Гроза обняла не только весь левый берег, но стала заворачивать и вправо. Молнии бороздили тьму поминутно; горы острова явственно выступали при блеске их.
Скоро путешественники оказались как бы в центре огненного кольца. Небо, казалось, с грохотом и треском рвалось о вершины гор, разило их огнем и потрясавшими мир ударами; скалы и горы, страшные, взъерошенные, ожившие, боролись и отвечали сотнями ударов.

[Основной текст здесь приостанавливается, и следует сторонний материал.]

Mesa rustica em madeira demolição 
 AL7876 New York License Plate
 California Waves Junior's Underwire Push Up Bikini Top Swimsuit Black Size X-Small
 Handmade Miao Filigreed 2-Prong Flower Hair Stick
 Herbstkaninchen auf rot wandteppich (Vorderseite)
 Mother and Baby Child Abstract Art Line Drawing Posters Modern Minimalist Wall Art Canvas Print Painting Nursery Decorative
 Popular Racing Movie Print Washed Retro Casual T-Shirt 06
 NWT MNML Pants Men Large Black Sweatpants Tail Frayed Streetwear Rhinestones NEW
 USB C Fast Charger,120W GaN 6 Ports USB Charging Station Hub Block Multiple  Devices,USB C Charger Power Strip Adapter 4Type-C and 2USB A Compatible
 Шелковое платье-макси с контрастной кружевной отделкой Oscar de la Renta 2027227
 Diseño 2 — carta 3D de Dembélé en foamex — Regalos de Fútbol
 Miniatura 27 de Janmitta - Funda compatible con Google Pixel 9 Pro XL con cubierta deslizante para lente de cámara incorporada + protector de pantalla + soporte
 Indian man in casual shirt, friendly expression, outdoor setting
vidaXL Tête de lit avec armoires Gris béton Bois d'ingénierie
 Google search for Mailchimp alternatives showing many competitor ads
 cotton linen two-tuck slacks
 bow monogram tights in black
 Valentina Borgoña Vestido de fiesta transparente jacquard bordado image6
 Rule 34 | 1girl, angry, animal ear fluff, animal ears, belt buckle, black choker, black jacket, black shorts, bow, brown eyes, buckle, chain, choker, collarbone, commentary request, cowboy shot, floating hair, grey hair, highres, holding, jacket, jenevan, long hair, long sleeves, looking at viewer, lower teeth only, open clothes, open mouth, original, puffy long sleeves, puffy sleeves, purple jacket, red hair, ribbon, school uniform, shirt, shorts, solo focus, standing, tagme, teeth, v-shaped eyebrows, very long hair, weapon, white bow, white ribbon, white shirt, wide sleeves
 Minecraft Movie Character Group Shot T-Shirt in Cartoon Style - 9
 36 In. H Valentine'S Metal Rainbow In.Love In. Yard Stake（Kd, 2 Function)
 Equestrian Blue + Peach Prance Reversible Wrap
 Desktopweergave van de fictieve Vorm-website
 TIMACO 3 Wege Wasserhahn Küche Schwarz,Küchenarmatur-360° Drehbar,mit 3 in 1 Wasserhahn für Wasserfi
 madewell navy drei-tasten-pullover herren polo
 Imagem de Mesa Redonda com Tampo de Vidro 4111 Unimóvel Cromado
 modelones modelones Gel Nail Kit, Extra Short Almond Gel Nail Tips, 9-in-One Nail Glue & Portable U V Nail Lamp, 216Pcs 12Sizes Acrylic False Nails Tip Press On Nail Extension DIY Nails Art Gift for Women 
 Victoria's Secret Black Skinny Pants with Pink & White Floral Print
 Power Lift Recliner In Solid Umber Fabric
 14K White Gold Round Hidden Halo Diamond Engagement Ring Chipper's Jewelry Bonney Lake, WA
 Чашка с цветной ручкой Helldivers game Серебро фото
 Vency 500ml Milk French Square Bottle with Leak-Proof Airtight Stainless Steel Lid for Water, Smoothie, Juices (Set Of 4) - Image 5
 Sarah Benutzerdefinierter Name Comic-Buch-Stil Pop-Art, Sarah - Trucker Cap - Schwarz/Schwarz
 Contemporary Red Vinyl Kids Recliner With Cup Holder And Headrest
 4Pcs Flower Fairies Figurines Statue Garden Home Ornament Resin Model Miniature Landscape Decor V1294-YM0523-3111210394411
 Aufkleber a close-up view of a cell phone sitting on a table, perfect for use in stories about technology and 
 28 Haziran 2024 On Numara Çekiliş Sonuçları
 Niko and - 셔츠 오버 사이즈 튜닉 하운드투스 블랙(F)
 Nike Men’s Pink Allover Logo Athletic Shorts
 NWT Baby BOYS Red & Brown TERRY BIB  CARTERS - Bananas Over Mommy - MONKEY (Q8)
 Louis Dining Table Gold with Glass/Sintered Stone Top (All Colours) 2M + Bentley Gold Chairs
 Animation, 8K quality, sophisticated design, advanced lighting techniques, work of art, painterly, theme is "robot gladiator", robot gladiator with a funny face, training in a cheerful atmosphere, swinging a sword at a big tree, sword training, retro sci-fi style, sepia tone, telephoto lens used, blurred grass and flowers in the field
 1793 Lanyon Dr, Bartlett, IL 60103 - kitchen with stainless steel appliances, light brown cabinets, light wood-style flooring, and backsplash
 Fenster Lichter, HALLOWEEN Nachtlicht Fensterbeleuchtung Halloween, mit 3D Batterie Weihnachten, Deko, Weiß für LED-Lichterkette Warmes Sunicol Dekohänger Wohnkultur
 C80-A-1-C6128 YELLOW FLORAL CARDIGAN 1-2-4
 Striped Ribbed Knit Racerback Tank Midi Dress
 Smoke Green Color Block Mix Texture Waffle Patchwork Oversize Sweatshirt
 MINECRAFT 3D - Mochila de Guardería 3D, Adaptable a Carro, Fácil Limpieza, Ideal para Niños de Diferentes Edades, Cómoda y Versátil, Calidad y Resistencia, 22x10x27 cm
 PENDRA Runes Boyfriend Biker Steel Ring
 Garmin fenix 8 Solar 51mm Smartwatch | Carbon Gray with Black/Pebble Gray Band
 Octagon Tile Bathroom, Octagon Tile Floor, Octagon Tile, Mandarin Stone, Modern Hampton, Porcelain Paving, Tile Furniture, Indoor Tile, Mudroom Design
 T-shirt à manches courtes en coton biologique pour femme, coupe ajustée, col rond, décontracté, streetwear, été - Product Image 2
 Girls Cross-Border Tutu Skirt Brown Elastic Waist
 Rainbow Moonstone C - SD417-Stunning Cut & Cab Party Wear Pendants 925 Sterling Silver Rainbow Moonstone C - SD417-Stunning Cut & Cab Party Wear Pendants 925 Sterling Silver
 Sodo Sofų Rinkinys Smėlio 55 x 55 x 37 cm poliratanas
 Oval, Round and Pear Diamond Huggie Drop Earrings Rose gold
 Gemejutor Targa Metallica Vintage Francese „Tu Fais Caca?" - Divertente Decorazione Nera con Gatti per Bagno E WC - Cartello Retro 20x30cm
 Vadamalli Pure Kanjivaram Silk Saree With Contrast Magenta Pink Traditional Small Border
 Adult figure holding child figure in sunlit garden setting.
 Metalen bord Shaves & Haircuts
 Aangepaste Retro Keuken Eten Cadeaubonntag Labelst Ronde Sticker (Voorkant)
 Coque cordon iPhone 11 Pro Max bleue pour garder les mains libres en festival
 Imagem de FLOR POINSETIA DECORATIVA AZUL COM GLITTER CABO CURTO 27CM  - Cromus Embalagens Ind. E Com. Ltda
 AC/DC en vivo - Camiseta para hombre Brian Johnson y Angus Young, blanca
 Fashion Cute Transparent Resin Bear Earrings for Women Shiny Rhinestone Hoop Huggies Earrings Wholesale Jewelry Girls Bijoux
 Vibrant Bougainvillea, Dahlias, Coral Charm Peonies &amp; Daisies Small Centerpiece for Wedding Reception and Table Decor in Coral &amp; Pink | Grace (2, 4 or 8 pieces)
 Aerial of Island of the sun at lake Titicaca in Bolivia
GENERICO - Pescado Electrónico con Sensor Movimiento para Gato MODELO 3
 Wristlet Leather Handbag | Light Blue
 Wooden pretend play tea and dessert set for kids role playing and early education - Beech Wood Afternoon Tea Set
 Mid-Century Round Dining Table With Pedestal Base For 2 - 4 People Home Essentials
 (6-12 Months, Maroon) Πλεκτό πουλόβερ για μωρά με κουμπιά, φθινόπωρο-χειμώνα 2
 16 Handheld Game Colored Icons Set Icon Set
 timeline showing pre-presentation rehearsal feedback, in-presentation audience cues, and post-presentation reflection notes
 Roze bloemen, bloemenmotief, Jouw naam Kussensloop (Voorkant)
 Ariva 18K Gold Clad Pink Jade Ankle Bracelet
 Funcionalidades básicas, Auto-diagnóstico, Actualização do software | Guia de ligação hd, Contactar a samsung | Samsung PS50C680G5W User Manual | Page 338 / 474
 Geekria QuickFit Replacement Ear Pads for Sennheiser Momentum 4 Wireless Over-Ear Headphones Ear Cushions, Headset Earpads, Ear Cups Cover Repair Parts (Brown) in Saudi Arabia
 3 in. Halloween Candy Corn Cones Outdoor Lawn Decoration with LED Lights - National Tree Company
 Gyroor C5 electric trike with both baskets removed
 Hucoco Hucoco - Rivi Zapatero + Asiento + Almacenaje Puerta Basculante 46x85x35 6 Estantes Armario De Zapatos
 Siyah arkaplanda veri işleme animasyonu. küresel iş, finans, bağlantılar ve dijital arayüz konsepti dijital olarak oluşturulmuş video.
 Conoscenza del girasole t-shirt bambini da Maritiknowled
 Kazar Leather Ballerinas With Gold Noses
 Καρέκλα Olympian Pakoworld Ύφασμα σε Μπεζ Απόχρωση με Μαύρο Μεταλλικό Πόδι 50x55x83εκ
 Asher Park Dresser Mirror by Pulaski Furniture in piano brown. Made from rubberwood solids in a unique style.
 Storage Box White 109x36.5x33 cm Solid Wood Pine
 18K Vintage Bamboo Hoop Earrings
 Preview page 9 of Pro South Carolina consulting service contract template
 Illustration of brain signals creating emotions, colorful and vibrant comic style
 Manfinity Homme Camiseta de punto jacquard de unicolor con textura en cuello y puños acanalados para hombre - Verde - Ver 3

Справа от лодки вспыхивали только зарницы, заливавшие с той стороны горизонт таинственным светом; слабый гул долетал по воде и оттуда, но правого берега видно не было. Озеро не шелохнулось.
— Это ад, ад разверстый… — повторял про себя Ивав Яковлевич. — Дант нужен, чтобы описать его!…
Не прошло и часа и гроза кончилась; гром утих; изредка вспыхивал фантастичный свет зарниц, придававший всему какой-то сказочно-волшебный вид; Байкал начал поплескивать волнами.
Лодка направилась к берегу.
Красивый издалека Ольхон вблизи оказался далеко не таким. Обнаженные, пустынные скалы угрюмой, бесконечной чередой встали перед глазами путешественников утром другого дня.
Кое-где сквозь ущелья чернели мрачные хвойные леса; не замечалось нигде и следа присутствия человека.
Зато несметные стаи серых гагар и белых чаек осыпали весь берег и отдельные камни, выдвигавшееся из воды. Крик и гам их разносились над водой.
Громадный остров тянулся нескончаемо; путешественники уже отобедали, когда наконец последний слоистый выступ его, похожий на высокий песочный торт, остался позади; впереди, вправо и влево расстилалась безграничная водная даль; справа, как бы на острове, из нежного голубого тумана подымались очертания неясной розоватой горы.